The reason this might come as a surprise is that Russia’s embrace of gold is exactly what gold bulls have been arguing for years. According to Bloomberg (using data from the International Monetary Fund), Russia has become the world’s biggest gold buyer over the past decade, adding 570 metric tonnes to its coffers, outpacing China.
Over this period, the price of gold has risen some 400 per cent, making Russia’s leadership look astute. But apart from being a fine-performing investment, the embrace of gold feeds into many of the broader economic and financial issues that gold enthusiasts have long been pointing out.
Bloomberg quotes Evgeny Federov, a lawmaker for Vladimir Putin’s United Russia party: “The more gold a country has, the more sovereignty it will have if there’s a cataclysm with the dollar, the euro, the pound or any other reserve currency.”
Russia’s gold purchases also fit in with the argument that the more central banks tinker with monetary policy – in particular, employing the strategy of quantitative easing to help drive down borrowing costs and stimulate economic activity – the more they need to diversify their assets, particularly central banks in developing economies. Gold is seen as an alternative to flakey currencies. That is why central banks have recently switched from being net sellers of gold to net buyers.
Marcus Grubb, the head of investment research at the World Gold Council, told Bloomberg News that this switch is significant and “obviously a very positive one for the gold market.”
So why are gold prices ignoring such a bullish development?
Gold has been struggling since 2011, when it touched a high of $1,900 an ounce. Around that time, central banks were also touted as serious gold buyers. The Wall Street Journal reported on the World Gold Council’s report on central bank buying with the headline: “Central banks catch gold fever.”
But this enthusiastic reaction ignores a few things. First, Russian and Chinese gold buying has to be put into context: Their gold reserves aren’t that huge. According to Bloomberg, Russia’s total cache is 958 tonnes – good enough for a mere eighth-place ranking, or just an eighth of what the U.S. holds and about a third of what Germany holds.

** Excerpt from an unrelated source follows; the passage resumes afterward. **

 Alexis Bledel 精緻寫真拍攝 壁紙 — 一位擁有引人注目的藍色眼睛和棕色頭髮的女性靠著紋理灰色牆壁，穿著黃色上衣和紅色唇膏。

And second, central bankers have never been seen as a good indicator of what investments are going to be hot: They were keen to sell gold at its low point a decade ago, so their embrace of gold today could easily be categorized as a contrarian indicator. Using the great fool theory of investing, central banks are the biggest fools.
And lastly, markets are forward-looking – and what they see today isn’t ongoing economic stimulus but rather an improving, if sluggish, global economy. In this environment, gold doesn’t cut it.